Marie Morgan offers a brief reflection on Mark 9: 2-9. I was particularly struck by, and in agreement with the following extract as I reflected on my own journey, personal change, and growth:
“…How do we extract ourselves from these polarities that much of our daily reality consists of, to begin to grasp and integrate into the oneness? How does the Christ get us from points A vs. B to all being one in the One?
The polarities all around us are easy to spot …and too easy to speculate about. But let’s talk about the polarities within each of us, in the realm where we might actually have some sway in the matter.
The “vs.” often comes from fear, or lack of understanding of the other.

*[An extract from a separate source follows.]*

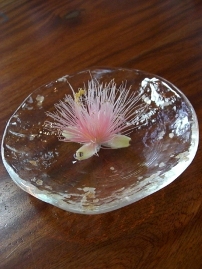 幻の花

We must become one with ourselves before we can become one with anything outside ourselves, because if we skip this step, fear will always find a way to dictate the terms of our understanding. We rarely can recognize the parts of ourselves that we like least…so we project those characteristics on other people, indeed onto “other” people. What being in Christ offers us—through this one Jesus who practices unconditional love and acceptance– is the safe place to begin to befriend these less acknowledged parts of ourselves. Even our worst fears have something to teach us; often they are voices from the past that really only want to protect us. And just as Jesus (in last week’s reading / Mark 9:1-15) reaches out and touches the most rejected member of the community—in fact the one forced to live ‘outside the camp’—we can learn to reach out and touch our own inner characters most feared and avoided. And as we heal these parts, we free ourselves to be more open to other people who once represented enemy…”
You can read the whole reflection here.
We all have to struggle to contend with and face into our interior realities. We all need grace, and from a Christian point of view, we need God, so the challenge, as David Benner, Thomas Keating and others rightly note, is to find ways of becoming increasingly open to God, allowing God to do the deep work of inner healing and transformation. So, for example, think of a person with strong narcissitic tendencies. For them, psychiatrist Alexander Lowen notes, "the denial of feelings characterstic of all narcissists [whereever they are on the scale] is most manifest in their behaviour toward others. They can be ruthless, exploitative, manipulative, controlling, sadistic, or destructive to another person because they are insensitive to the other's suffering, feelings, or experience. They are unable to engage and work with the other's perspective. The insensitivity derives from an insensitivity to their own feelings, an inability to face into and work with their own inner and behavioural realities..." And this is a huge challenge on so many levels, particularly as we change and grow only in relation to others, only as we see ourselves as other's see us, hence the critical importance of healthy relationships as the contexts within which and out of which we grow.
So, you get a sense of the challenge we all have to face into, whether narcisissim is our thing, or its something else. We all have to become increasingly open to ourselves, if we are going to be able to be genuinely open to others, and to God. The three, self, others, and God are profoundly interrelated.